We begin our day with lovely, calm weather, very serene and very few boats out so far.
As we pass the inlet, we see that it is even rather calm off-shore. How nice. The sailboat is just inside the inlet entrance.
This is what St Augustine looks like from the water:
Once docked, this is what our view off our stern was. Tourboat was included:
We spent our first full day sightseeing. We walked around town, and explored the Castillo de San Marcos Fort:
(Incidently, we happened to be there on Veterans Day so it was FREE admission- woohoo!)
We also went to visit the William Warden winter home - AKA "Warden Castle". We had to! What a place. For its time, it was enormous. Though it isnt really meaningful to go inside because it is now the "Ripley's Believe it or Not Museum".
(in case you are wondering... no, we were not there at night. I stole this picture from the St Augustine website. My pictures didnt come out at all)
This plaque, though pretty much unreadable, speaks of when and where he and his family lived there etc...
A small side note to chuckle over: when we toured St Augustine we used their trolley system to get around which included an ongoing voice guided tour from the drivers. Our driver reported that Mr William Warden and his lovely wife had 14 children...all daughters. We just gaped at eachother. All daughters? Then, where, praytell, did the other generations we know existed come from? Bruce is thinking of writing them a short but polite note. Just a reminder: don't believe everything you hear on tour buses.

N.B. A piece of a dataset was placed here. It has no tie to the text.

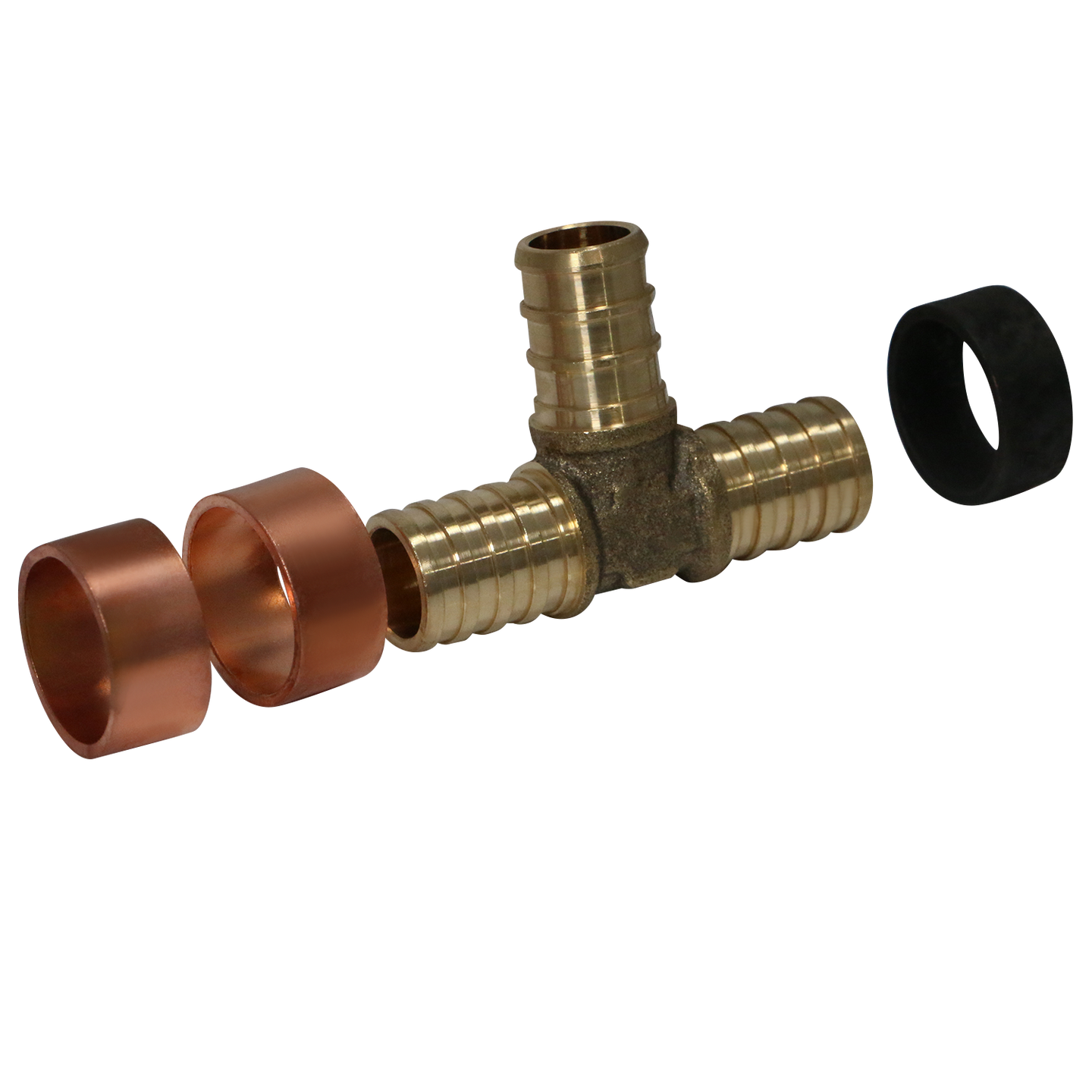 1/2 Inch PB (Polybutylene) x 1/2 Inch PB x 1/2 Inch PEX-B Barb Crimp Tee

We also climbed to the top of the St. Augustine Lighthouse. I had to hold on very very securely to the wall, it was crazy high! But, I did manage to let go (holding my breath) long enough to snag a picture of the view out to the ocean:
(By the way, the marina to the left is where we were docked)
I know this blog post is a bit long but there is one more really important story I have to share with you...
So... our original plan was to stay in St. Augustine for 3 full days to explore and have fun. It's a very cool place. As it turned out, it was the PERFECT interval to have chosen under the circumstances of the time, but not for the reasons you might expect. You see, after our lovely day sightseeing, the weather changed - to say the least! By evening on that first day, the winds had picked up to 35 knots sustained and were gusting to 50 knots. That, my friends, is a LOT of wind. In addition to that, the direction of the wind was such that we were on the most exposed section of the marina. For about 36 hours we were pounded into our face dock. The wind came at us from our port stern quarter. Every 2 hours or so the first night, we had to start engines and engage our bow thrusters to push away from the dock to reposition our fenders. Those poor fenders were being battered about in all directions. The wave action was enormous and was rising and lowering the boat so much that the fenders kept either popping under the lip of the floating docks and stressing the rails from which they hung or popping up over the dock uselessly. What a night! Fortunately, by midday the next day things had calmed somewhat so we no longer had to reposition the fenders. Nonetheless, we did not feel comfortable leaving the boat at all. We remained alert and attentive to weather and weather alone.
Thankfully, as our 4th day approached, our originally planned leaving day, about 3am, the wind finally quit and we knew we could be on our way come morning. The washing machine ride was over. We were very lucky. All we suffered was some seriously abused fenders and a few more grey hairs. Alas, one of those fenders did not survive the abuse. It will not hold air anymore. Oh well..... a worthy sacrifice.